Durante décadas, el reciclaje se presentó como la respuesta central al problema de los residuos. Sin embargo, los datos disponibles matizan esa narrativa: a nivel mundial, menos del 9% de todo el plástico producido en la historia ha sido reciclado de forma efectiva; un 12% se ha incinerado, mientras que el 79% restante permanece en vertederos o en el ambiente.

A diferencia del vidrio o el aluminio, que pueden reprocesarse indefinidamente sin perder calidad, el plástico se degrada con cada proceso. Una botella rara vez vuelve a ser botella; en cambio, se convierte en un material de menor calidad que, tras un solo reúso adicional, termina desechado.

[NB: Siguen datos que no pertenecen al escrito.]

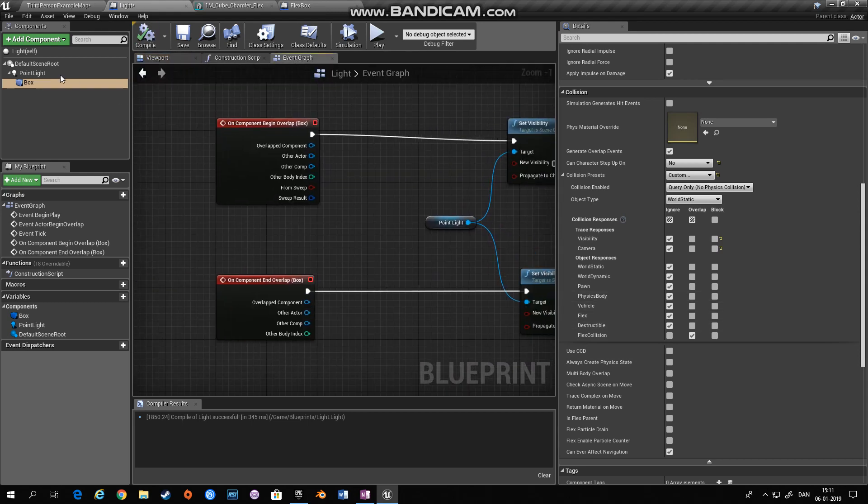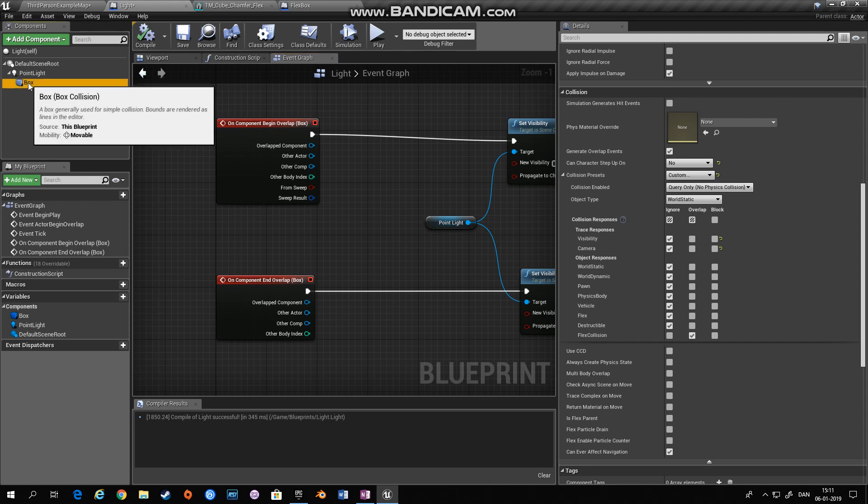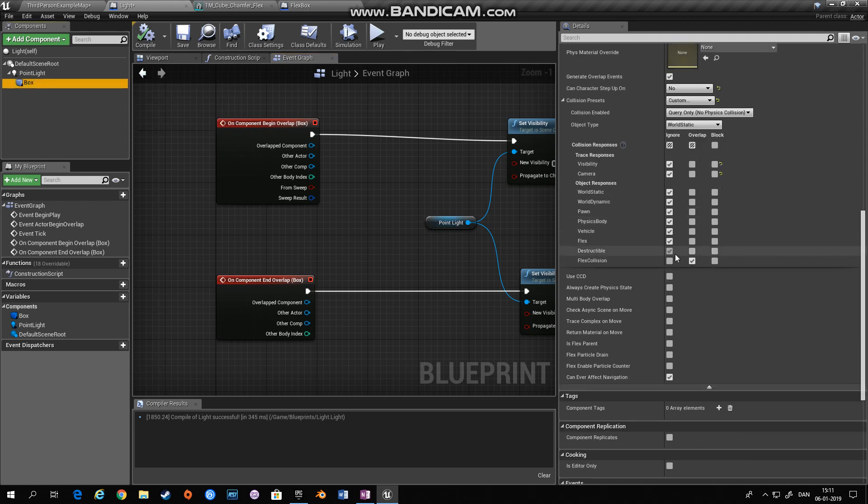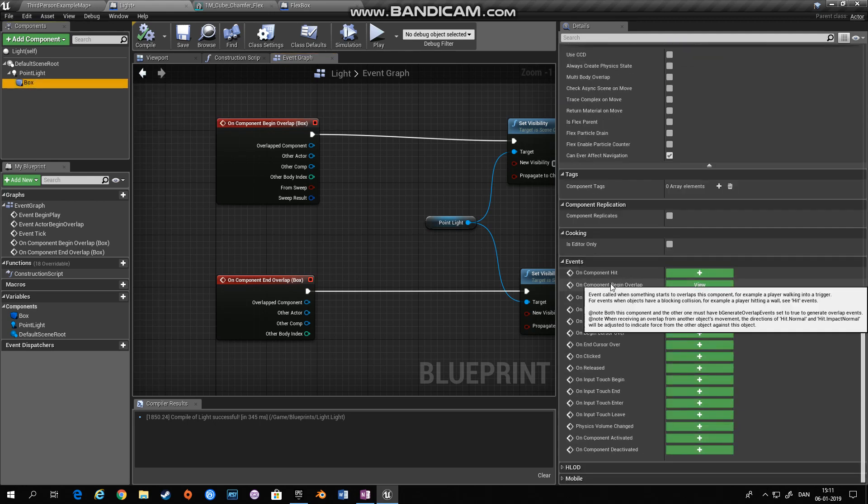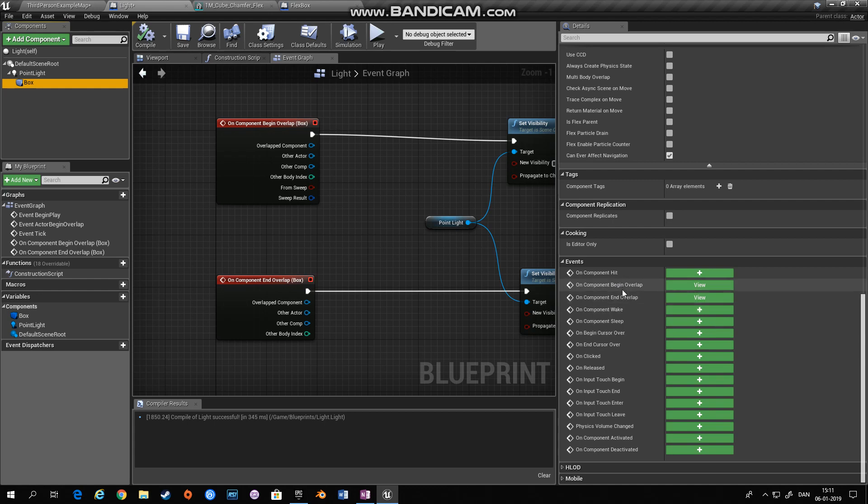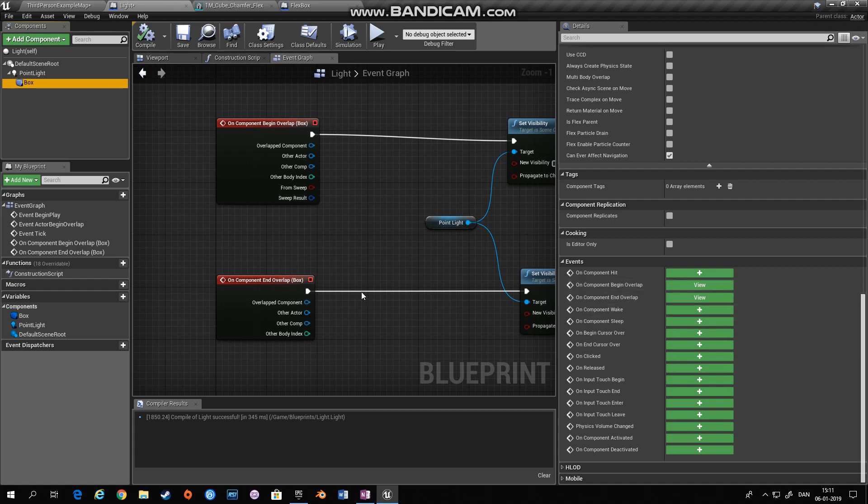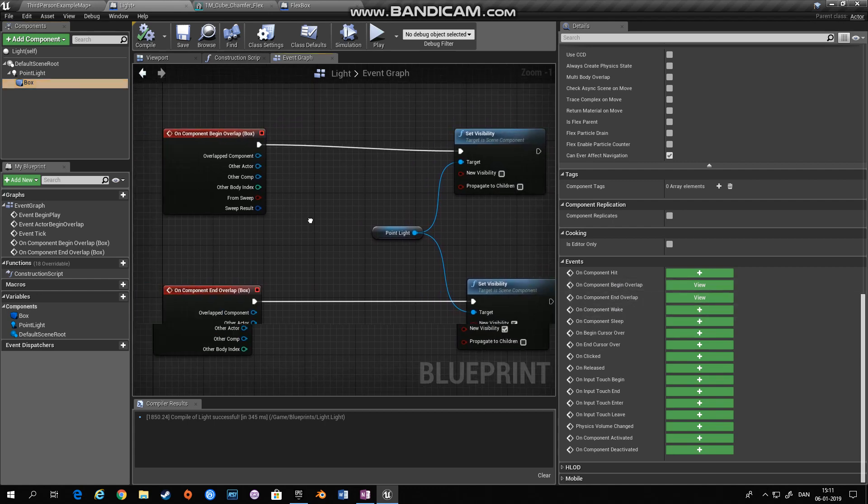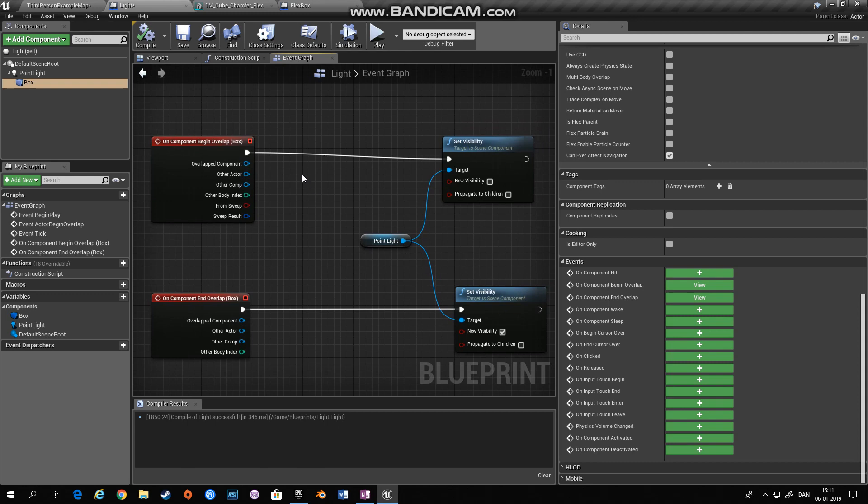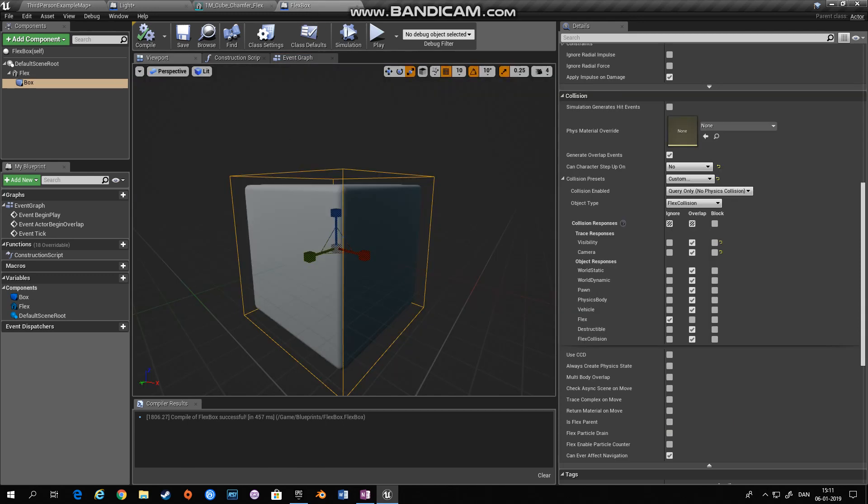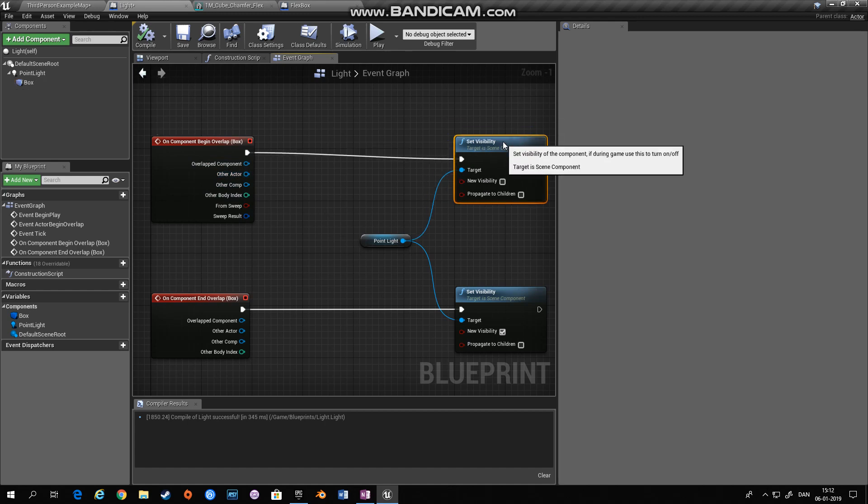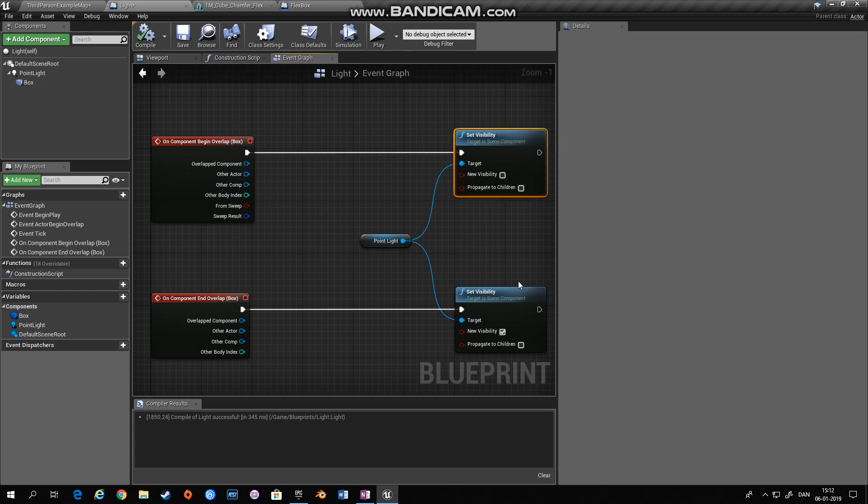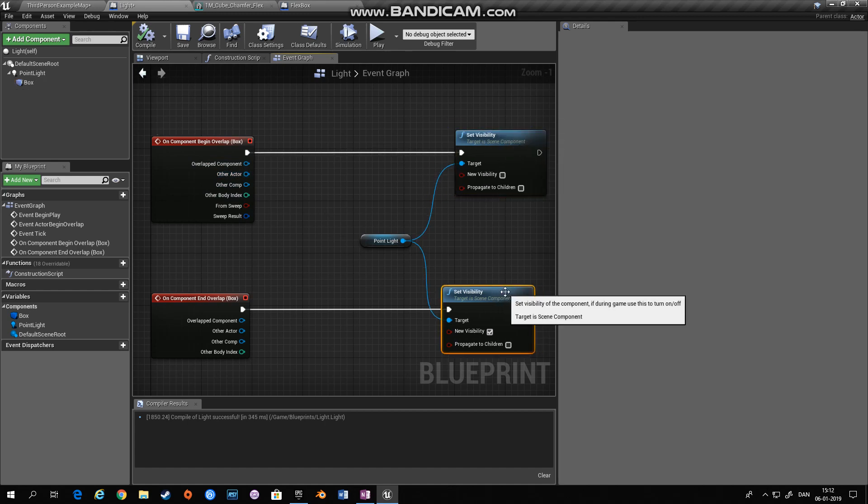Then on the event graph, I've chosen this box, collision box and added an on component begin overlap and an on component end overlap. I don't check if it's the right actor. I know that it's only flex box right now. Of course you can have some checks if you want that. And then we're going to set the visibility on the lights.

A esto se suma un factor económico: cuando el petróleo baja de precio, fabricar plástico virgen resulta más barato que reciclar, lo que desincentiva el acopio y convierte la gestión de materiales en un negocio que solo recupera lo rentable, dejando el resto a cargo de los sistemas públicos.

Frente a este panorama, los especialistas coinciden en que la prioridad no es reciclar más, sino producir menos residuos desde el origen. O bien, aplicar las alternativas que se discuten a nivel internacional: obligar por ley a las empresas a financiar y gestionar la recolección completa de sus envases, tratamiento de la basura mediante compostaje industrial o generación de biogás para reducir emisiones de metano y lixiviados o finalmente, el sistema de depósito y retorno, que devuelven un valor económico al consumidor por cada envase entregado, y que en países como Alemania, Finlandia, Lituania y Noruega, han logrado tasas de recuperación superiores al 90%.

En fin, que el reciclaje puede limpiar la conciencia, pero no el planeta. La basura no desaparece cuando pasa el camión: se va a los drenajes, a los océanos, al cuerpo. Reciclar no es la solución; dejar de producir lo que no sabemos dónde poner luego de usarlo, y responsabilizarnos de su destino final, sí lo es.